This is an archive of the discontinued Mercurial Phabricator instance.

perftweaks: store rev to node mapping for preloading
Needs RevisionPublic

Authored by mbthomas on Aug 22 2017, 8:46 AM.
Tags
None
Subscribers

Details

Reviewers
durham
Group Reviewers
Restricted Project
Summary

Change perftweaks to store the node-to-rev mapping for interesting
revisions, rather than just the rev numbers.

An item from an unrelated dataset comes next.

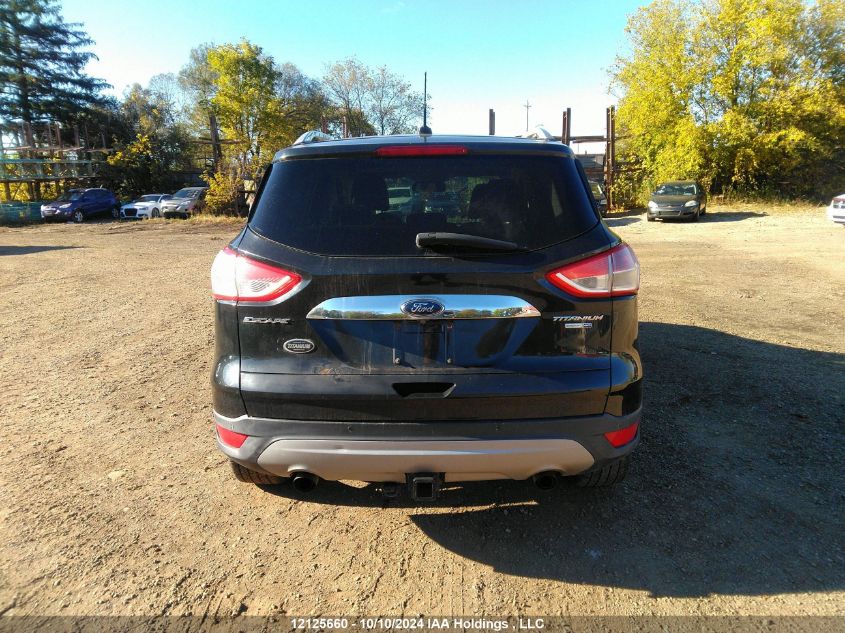 2015 Ford Escape Titanium VIN: 1FMCU9J97FUC51985 Lot: 12125660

Previously this was used to prepopulate the changelog's node-to-rev
lookup trie, however since we only stored the revision numbers this
still required looking at the revlog index contents in order to
read out the node hash.

With these changes, the trie can be prepopulated without touching
the index.

On its own, this gives only a modest performance increase, however
when combined with using mmap for the revlog index (coming in
another diff), it gives a noticable improvment on repos with very
large revlogs, as we no longer need to touch large portions of the
revlog index on every invocation.

When loading the cache data, we check that the rev numbers are
in range for the revlog, and drop any entries that are out of
range. The assumption is that a node hash won't be reassigned to
another rev index. The other way round ought to be ok, as the
old hash ought to be abandoned if it's no longer part of the
revlog. If there's any more checking needed, please suggest in
the review comments.

Test Plan

Re-run unit tests.
Generate cache data on a large repo and verify indexes can be
preloaded without touching the index contents.
Run with mmap change to verify perf improvement.

Diff Detail

Repository
rFBHGX Facebook Mercurial Extensions
Branch
default
Lint
Lint OK
Unit
Unit Tests OK

Event Timeline

mbthomas created this revision.Aug 22 2017, 8:46 AM
durham requested changes to this revision.Aug 24 2017, 12:58 PM

I think we want to be pretty conservative about cache invalidation initially. If we get the map wrong, we could end up reading entirely incorrect data out of the changelog and associating it with the incorrect node. A few ideas:

  • We could initially treat the cache as risky, and instead of using the data we could just confirm that the data is always correct, by comparing the getnode(rev) result with our stored node->rev. If our cache doesn't match the truth, print a ui.develwarn so we see it. Once we have confidence, we can actually use the map result instead of calling getnode(rev).
  • We should invalidate the entire cache when repo.destroyed() is called. That is the function called at the end of a strip, to let extensions perform invalidation like this.
  • Maybe we could only use the cached mappings for commits older than tip - 10000. Any node that claims to be newer than tip-10000 we could do getnode(rev) and put the actual node value in the nodemap instead. Since the The top of the changelog is where the most churn happens and where the most risk will be, this should help prevent most bad cache issues and shouldn't add much IO slow down (10k revs is only 620KB of .i file)
hgext3rd/perftweaks.py
223

Is this better than revstr, node = line.split(':')?

Also, mercurial generally avoids using _ for unused variables, because _ is already the function name for the string internationalization function. I usually use x or some such

This revision now requires changes to proceed.Aug 24 2017, 12:58 PM
quark added a subscriber: quark.Nov 21 2017, 10:21 PM

This is no longer needed after D1472.